Using mysql-connector-java-3.1.12-bin.jar and a JDK 5 with 32MB heap:
ET-COMMONS INFO: JVM MEMORY MONITOR => Total: 33 Used: 1 Free: 32
Retrieving data …
Ran out of memory at row: 0
java.lang.OutOfMemoryError: Java heap space
at com.mysql.jdbc.ByteArrayBuffer.getBytes(ByteArrayBuffer.java:128)
at com.mysql.jdbc.ByteArrayBuffer.readLenByteArray(ByteArrayBuffer.java:248)
at com.mysql.jdbc.MysqlIO.nextRow(MysqlIO.java:1304)
at com.mysql.jdbc.MysqlIO.readSingleRowSet(MysqlIO.java:2272)
at com.mysql.jdbc.MysqlIO.getResultSet(MysqlIO.java:423)
at com.mysql.jdbc.MysqlIO.readResultsForQueryOrUpdate(MysqlIO.java:1962)
at com.mysql.jdbc.MysqlIO.readAllResults(MysqlIO.java:1385)
at com.mysql.jdbc.MysqlIO.sqlQueryDirect(MysqlIO.java:1728)
at com.mysql.jdbc.Connection.execSQL(Connection.java:2988)
at com.mysql.jdbc.Connection.execSQL(Connection.java:2917)
at com.mysql.jdbc.Statement.executeQuery(Statement.java:824)
at JDBCTest.main(JDBCTest.java:26)
Using mysql-connector-java-5.1.6-bin.jar and the same JDK 5 with 32MB heap:
ET-COMMONS INFO: JVM MEMORY MONITOR => Total: 33 Used: 1 Free: 32
Retrieving data …
Ran out of memory at row: 0
java.lang.OutOfMemoryError: Java heap space
at com.mysql.jdbc.ByteArrayBuffer.getBytes(ByteArrayBuffer.java:128)
at com.mysql.jdbc.ByteArrayBuffer.readLenByteArray(ByteArrayBuffer.java:248)
at com.mysql.jdbc.MysqlIO.nextRow(MysqlIO.java:1304)
at com.mysql.jdbc.MysqlIO.readSingleRowSet(MysqlIO.java:2272)
at com.mysql.jdbc.MysqlIO.getResultSet(MysqlIO.java:423)
at com.mysql.jdbc.MysqlIO.readResultsForQueryOrUpdate(MysqlIO.java:1962)
at com.mysql.jdbc.MysqlIO.readAllResults(MysqlIO.java:1385)
at com.mysql.jdbc.MysqlIO.sqlQueryDirect(MysqlIO.java:1728)
at com.mysql.jdbc.Connection.execSQL(Connection.java:2988)
at com.mysql.jdbc.Connection.execSQL(Connection.java:2917)

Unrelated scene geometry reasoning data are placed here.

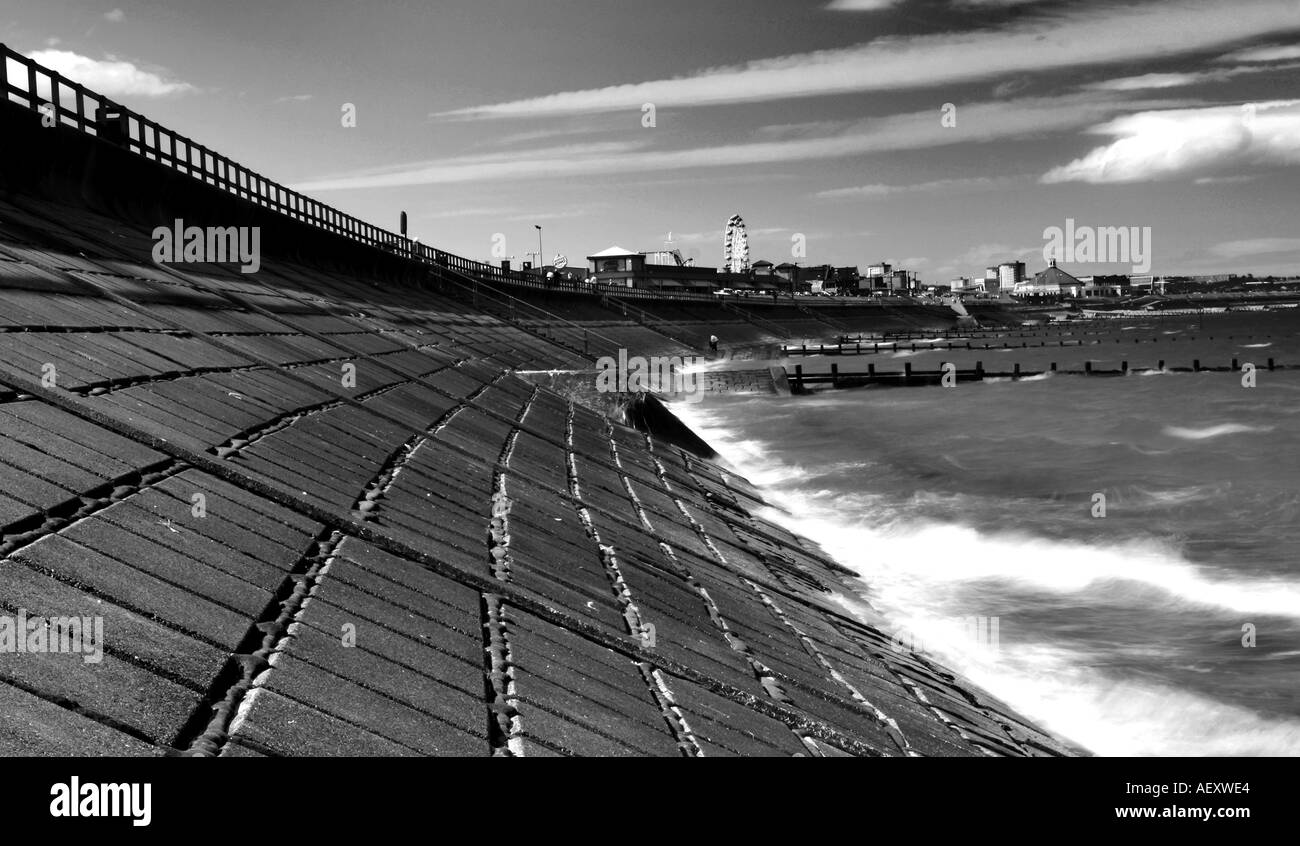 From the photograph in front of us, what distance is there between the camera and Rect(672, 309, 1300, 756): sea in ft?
42.8

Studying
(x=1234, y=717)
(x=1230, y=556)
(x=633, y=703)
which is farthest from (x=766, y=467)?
(x=633, y=703)

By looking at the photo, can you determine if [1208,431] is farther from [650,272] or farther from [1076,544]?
[650,272]

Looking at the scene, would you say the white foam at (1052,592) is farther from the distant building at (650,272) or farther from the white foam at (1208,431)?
the distant building at (650,272)

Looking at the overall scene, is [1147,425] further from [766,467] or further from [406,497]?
[406,497]

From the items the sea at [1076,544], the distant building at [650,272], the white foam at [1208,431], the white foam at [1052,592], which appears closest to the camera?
the white foam at [1052,592]

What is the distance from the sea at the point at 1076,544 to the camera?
42.8 feet

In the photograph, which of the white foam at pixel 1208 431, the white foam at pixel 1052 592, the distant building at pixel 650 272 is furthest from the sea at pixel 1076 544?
the distant building at pixel 650 272

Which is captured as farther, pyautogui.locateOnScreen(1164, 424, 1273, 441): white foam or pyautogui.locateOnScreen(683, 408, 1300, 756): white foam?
→ pyautogui.locateOnScreen(1164, 424, 1273, 441): white foam

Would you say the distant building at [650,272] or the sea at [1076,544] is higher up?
the distant building at [650,272]

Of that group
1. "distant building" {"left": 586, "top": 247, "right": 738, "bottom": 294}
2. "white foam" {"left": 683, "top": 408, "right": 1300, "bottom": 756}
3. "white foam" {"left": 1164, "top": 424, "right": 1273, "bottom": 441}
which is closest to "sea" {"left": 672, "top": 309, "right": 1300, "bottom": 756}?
"white foam" {"left": 683, "top": 408, "right": 1300, "bottom": 756}

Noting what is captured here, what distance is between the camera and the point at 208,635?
15.3 feet

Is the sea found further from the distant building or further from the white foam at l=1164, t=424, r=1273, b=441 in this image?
the distant building

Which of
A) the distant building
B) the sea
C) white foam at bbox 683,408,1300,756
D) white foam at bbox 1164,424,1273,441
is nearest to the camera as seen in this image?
white foam at bbox 683,408,1300,756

at com.mysql.jdbc.Statement.executeQuery(Statement.java:824)
at JDBCTest.main(JDBCTest.java:26)
Thus we see that both the old and new versions of the MySQL JDBC driver by default attempt to load the entire resultset into memory.
I now increase the heap to 1GB to allow it to grow and find that the test query uses up > 500MB of heap before it even starts the rs.next() loop.
ET-COMMONS INFO: JVM MEMORY MONITOR => Total: 33 Used: 1 Free: 32
Retrieving data …
ET-COMMONS INFO: JVM MEMORY MONITOR => Total: 298 Used: 183 Free: 115
ET-COMMONS INFO: JVM MEMORY MONITOR => Total: 527 Used: 381 Free: 146
Starting to retrieve data. Memory Used: 517
Done retrieving data => 2318284 Memory Used: 551
Here is the code for this:
ResultSet rs = conn.createStatement().executeQuery(“<sql query that returns lots of data>”);
System.out.println(“Starting to retrieve data. Memory Used: “ + getUsedMemory());
while (rs.next()) {
rs.getString(1);
rowsReturned++;
}
System.out.println(“Done retrieving data => “ + rowsReturned + ” Memory Used: “
+ getUsedMemory());
Thus you can see that the “executeQuery()” method loads up 500MB of data before it passes on the “rs.next()” loop. The full ResultSet is being buffered in memory.
Solution
To make the JDBC driver stream the results instead of buffer them all first we do the following:
stmt.setFetchSize(Integer.MIN_VALUE);
ET-COMMONS INFO: JVM MEMORY MONITOR => Total: 33 Used: 1 Free: 32
Retrieving data …
Starting to retrieve data. Memory Used: 2
ET-COMMONS INFO: JVM MEMORY MONITOR => Total: 33 Used: 1 Free: 32
ET-COMMONS INFO: JVM MEMORY MONITOR => Total: 33 Used: 2 Free: 31
Done retrieving data => 2318284 Memory Used: 2
Now it behaves like we expect it to … only 2MB used instead of > 500MB.
There are some caveats:
- http://javaquirks.blogspot.com/2007/12/mysql-streaming-result-set.html
- http://dev.mysql.com/doc/refman/5.0/en/connector-j-reference-implementation-notes.html
ResultSet
By default, ResultSets are completely retrieved and stored in memory. In most cases this is the most efficient way to operate, and due to the design of the MySQL network protocol is easier to implement. If you are working with ResultSets that have a large number of rows or large values, and can not allocate heap space in your JVM for the memory required, you can tell the driver to stream the results back one row at a time.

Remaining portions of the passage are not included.